Typically in a hurry, as most governors are, Dayton in this instance arrived nearly on time in a black Suburban that plumed dust down a gravel road before stopping alongside the Nicollet Conservation Club. Exiting the shiny vehicle, the governor walked more or less briskly to the front of the crowd, shaking hands and smiling.
Organized so Dayton could announce details of a bold new state pheasant restoration plan, the event was properly sited.
Rich in tradition, the Nicollet Conservation Club boasts 450 members who teach firearms safety and hunter education classes while also raising tens of thousands of dollars annually for wildlife. Not incidentally, each month the club also sponsors a barbecue like no other, bonding residents of the broader Nicollet community over grilled pork chops and, it is said, various adult beverages.
In sum, the club and its members represent the best of what is best about Minnesota: volunteers working together to conserve the region's wildlife and, not incidentally, its hunting and conservation heritage. Importantly, dating to its founding in 1942, Nicollet Conservation Club members never back down on tough environmental issues.
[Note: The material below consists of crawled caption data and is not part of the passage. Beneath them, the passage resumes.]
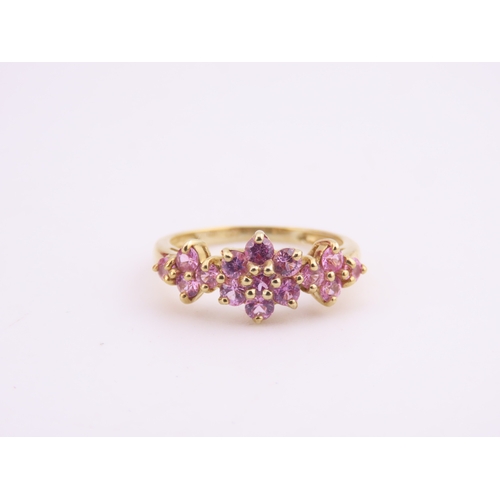 147 - A 9ct gold ring set with multiple pink sapphires in a decorative cluster. Ring size M. Gross weight ... 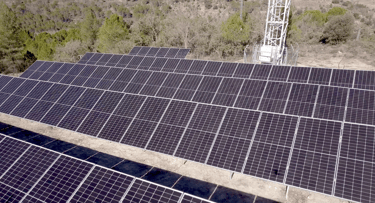 solar panels with a tower in the background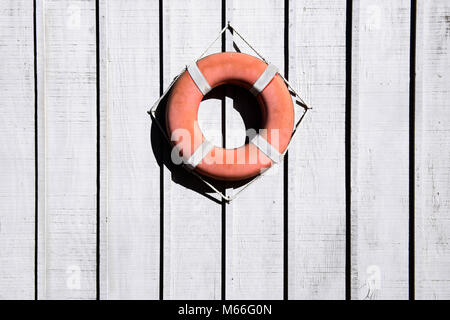 Salvagente appeso su una recinzione di legno Foto Stock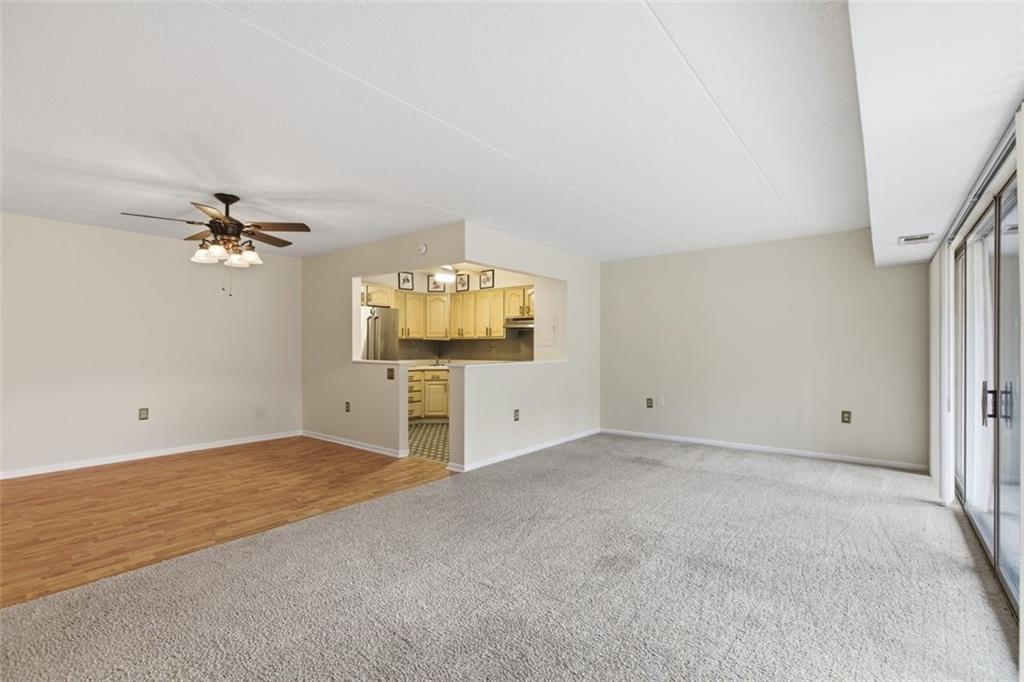 2160 Greentree Road, Unit 405W Pittsburgh, PA 15220 - Photo 9 of 32 wooden floor in an empty room with a window
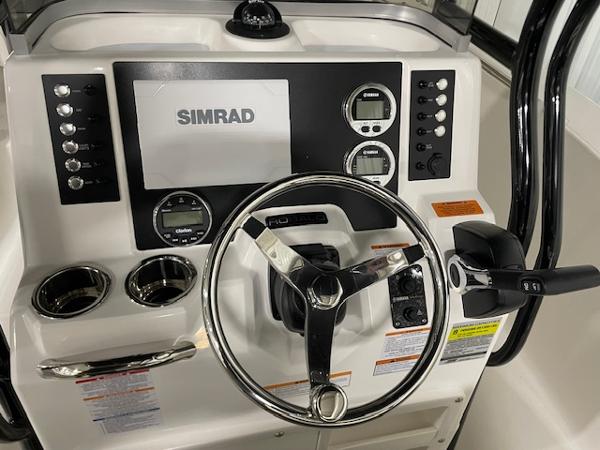 2025 Robalo R202 Explorer dashboard with Simrad display and controls.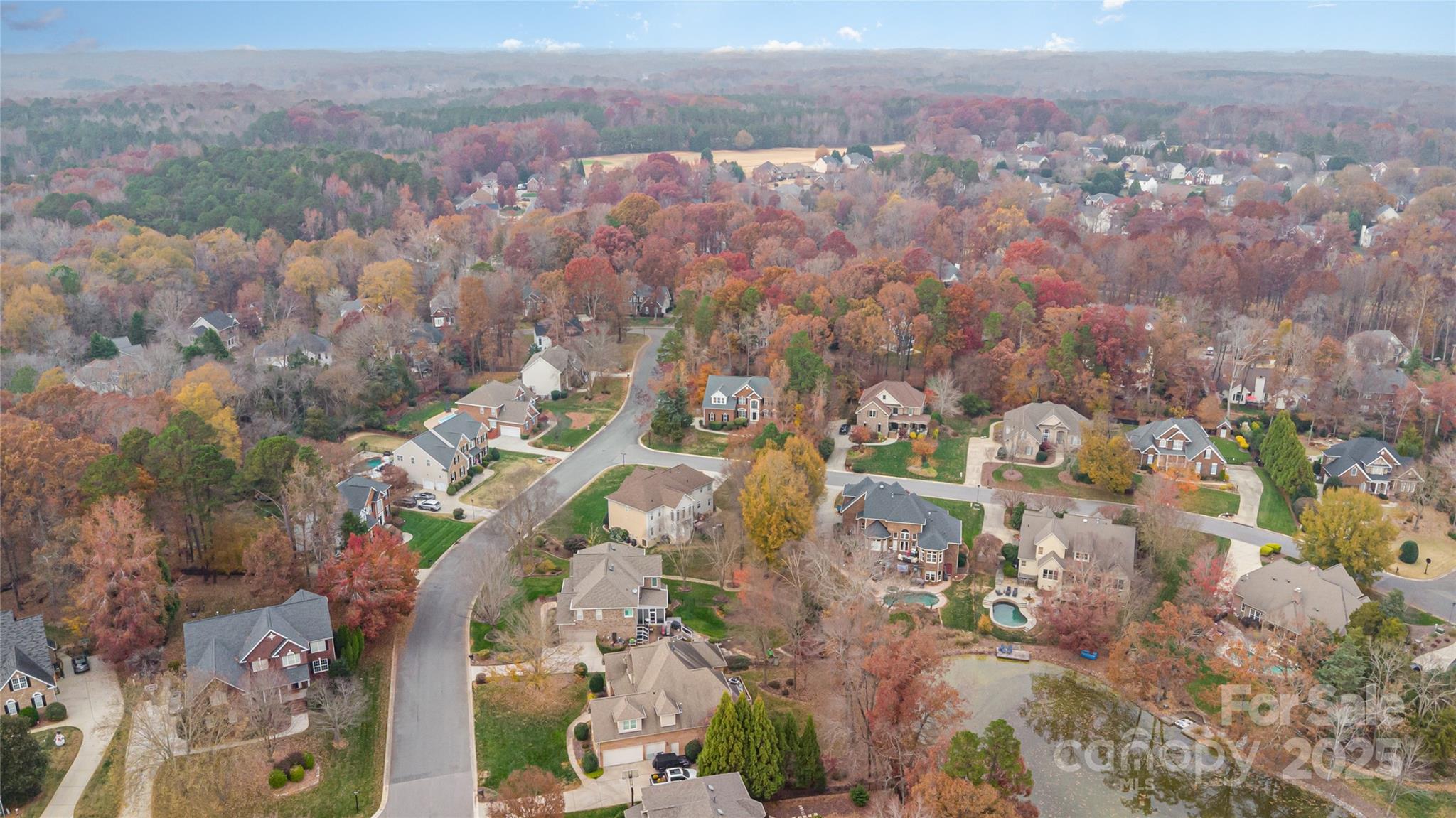 884 Clonmel Drive Matthews, NC 28104 - Photo 44 of 48 an aerial view of residential houses with outdoor space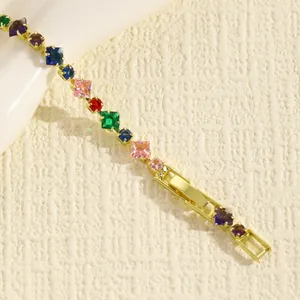 Dettaglio macro di un bracciale dorato con pietre di zircone quadrate multicolori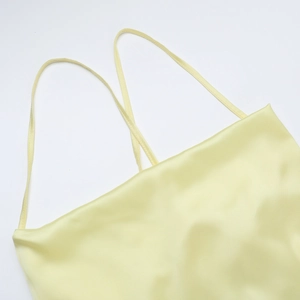 Gros plan sur la texture du tissu en satin jaune lisse et la fine bretelle de la robe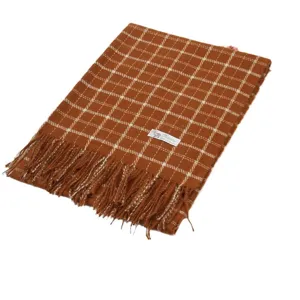 Cozy brown plaid winter scarf with fringe soft woven fabric for women warm and stylish daily wear.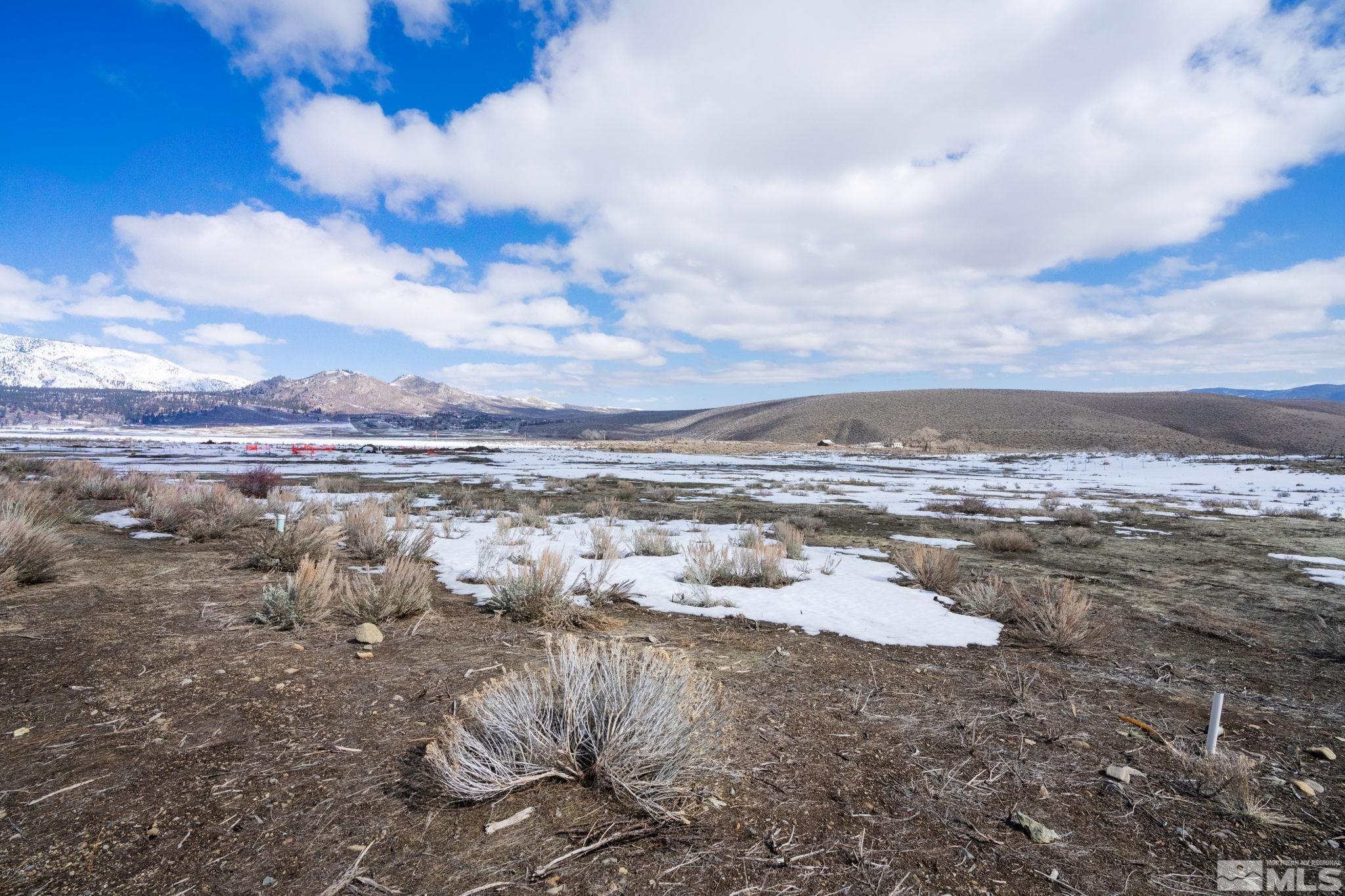 324 James Canyon Loop, Unit 44 Genoa, NV 89411 - Photo 7 of 40 a view of a lake with a city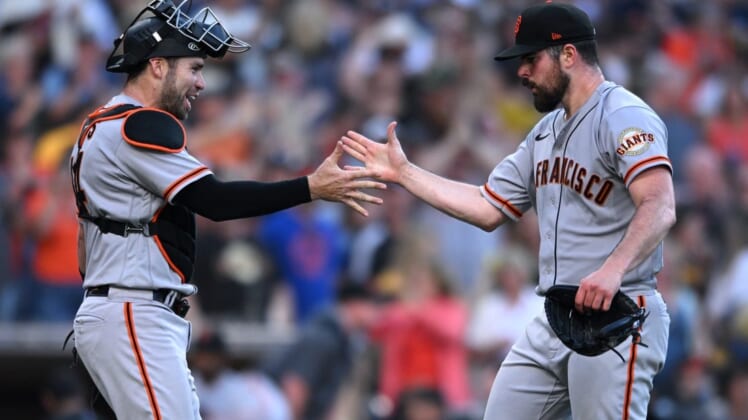 Jul 9, 2022; San Diego, California, USA; San Francisco Giants starting pitcher Carlos Rodon (right) celebrates with catcher Austin Wynns (left) after the Giants defeated the San Diego Padres at Petco Park. Mandatory Credit: Orlando Ramirez-USA TODAY Sports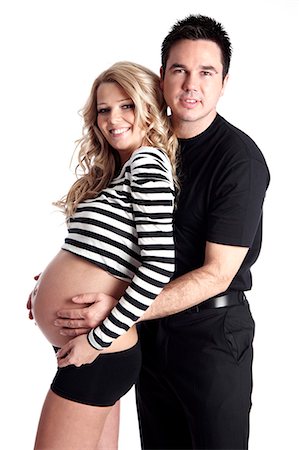 simsearch:877-06834121,k - Man with hands on stomach of pregnant woman Stock Photo - Rights-Managed, Code: 877-06834270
Often self-deprecating while speaking, Dayton began his remarks with an apology for being, as he described it, overdressed. This was, after all, a blue jeans crowd on a blue-sky day. The governor sensed it, and soon enough the coat and tie were gone.
But not before Dayton said what the crowd had come to hear.
"Conservation is everyone's responsibility," he said. "We inherited this [state] from our forefathers and mothers, and we're going to pass it on in even better condition to those who are going to follow us. That's what this should be about."